> DATA
________________

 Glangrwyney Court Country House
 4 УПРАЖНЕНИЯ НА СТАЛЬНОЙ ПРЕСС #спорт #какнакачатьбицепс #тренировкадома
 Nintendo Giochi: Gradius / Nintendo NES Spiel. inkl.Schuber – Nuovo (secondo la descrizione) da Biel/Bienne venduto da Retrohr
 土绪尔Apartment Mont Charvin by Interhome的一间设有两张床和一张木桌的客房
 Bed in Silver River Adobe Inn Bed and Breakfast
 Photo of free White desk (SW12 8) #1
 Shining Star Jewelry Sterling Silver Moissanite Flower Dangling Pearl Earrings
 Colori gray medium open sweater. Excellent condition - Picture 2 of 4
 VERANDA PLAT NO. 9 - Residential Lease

________________

> YOUR TASK
Down to the last line, give the records again exactly.

> ANSWER
 Glangrwyney Court Country House
 4 УПРАЖНЕНИЯ НА СТАЛЬНОЙ ПРЕСС #спорт #какнакачатьбицепс #тренировкадома
 Nintendo Giochi: Gradius / Nintendo NES Spiel. inkl.Schuber – Nuovo (secondo la descrizione) da Biel/Bienne venduto da Retrohr
 土绪尔Apartment Mont Charvin by Interhome的一间设有两张床和一张木桌的客房
 Bed in Silver River Adobe Inn Bed and Breakfast
 Photo of free White desk (SW12 8) #1
 Shining Star Jewelry Sterling Silver Moissanite Flower Dangling Pearl Earrings
 Colori gray medium open sweater. Excellent condition - Picture 2 of 4
 VERANDA PLAT NO. 9 - Residential Lease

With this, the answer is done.